Return to Silent Hill may have only released in theaters last week, but director Christophe Gans has already confirmed that a longer Director’s Cut exists.

According to a fan who attended a premiere and Q&A with the filmmaker last week and shared some highlights on Reddit, Gans described the alternate version "as longer and allowing [the story] more room to breathe." This includes the death scene of a prominent character from the game that only briefly appeared in the movie.

"Gans said he struggled to find the right place for it in the edit," the fan wrote. "It is unclear whether [the scene] would appear in the Director’s Cut, though he expressed a desire for audiences to see it someday." He also told attendees that he had been instructed by the producers to keep the movie under two hours long. There is no indication, however, that this Return to Silent Hill Director's Cut will ever be released.

Return to Silent Hill debuted to a dreadful reception last week, with just $3.2 million coming in from North American theaters.
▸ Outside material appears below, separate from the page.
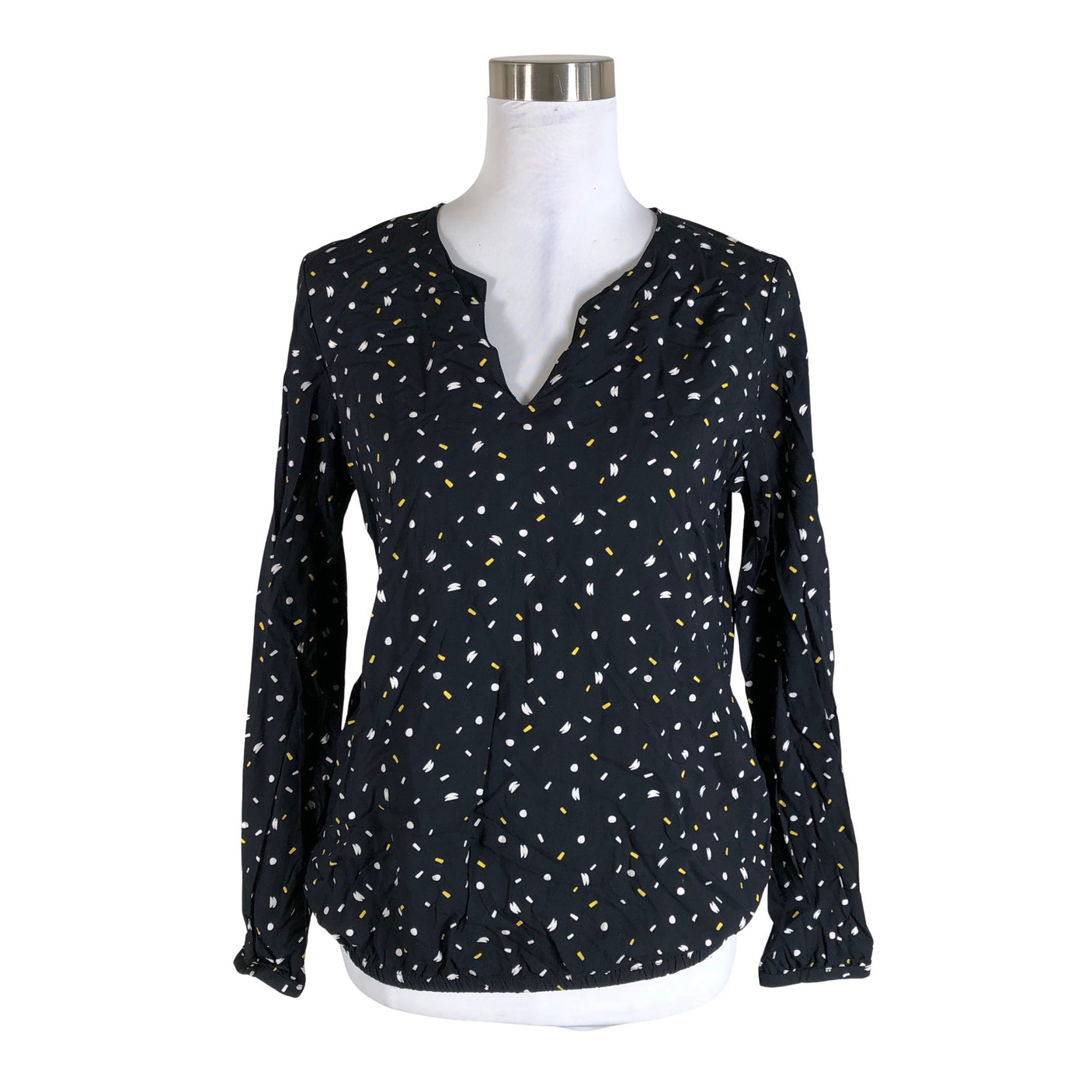 Unisex Esprit - Pluus, suurus 38 - Must (1)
Despite Konami resurrecting its horror franchise with two well-received games, Silent Hill 2 Remake and Silent Hill f (as well as the divisive Silent Hill: Ascension and upcoming Silent Hill Townfall), the third Silent Hill movie had the lowest domestic box office opening of all three Silent Hill films; 2006's Silent Hill generated $20.2 million, and the painfully poor follow-up Silent Hill: Revelation just $8 million — which is still more than twice Return to Silent Hill's domestic opening.

IGN's Return to Silent Hill review returned a 5/10. We said: "Return to Silent Hill isn’t completely without merit. It’s certainly a better follow-up to Cristophe Gans’ original 2006 film than 2012’s Silent Hill: Revelation, one that finds some success drawing on the creepy imagery and sound design of the games. But it’s ultimately an adaptation that fails to improve upon the source material or do anything particularly new and interesting. Those craving a truly great psychological horror experience are better off booting up a version of Silent Hill 2."

Gans recently said that despite receiving death threats over adapting the horror series for the big screen, he would be open to bringing another instalment to life, insisting: "I will adapt another chapter because there are some that are extremely good, something very different from the first film, and now Return to Silent Hill. I like this world, and I can see that plenty of people are thinking I’m doing a pretty good job."

The question is, will he get the chance to make another Silent Hill movie? Perhaps working in Gans' favor is the fact Return to Silent Hill carries a modest production budget of $23 million.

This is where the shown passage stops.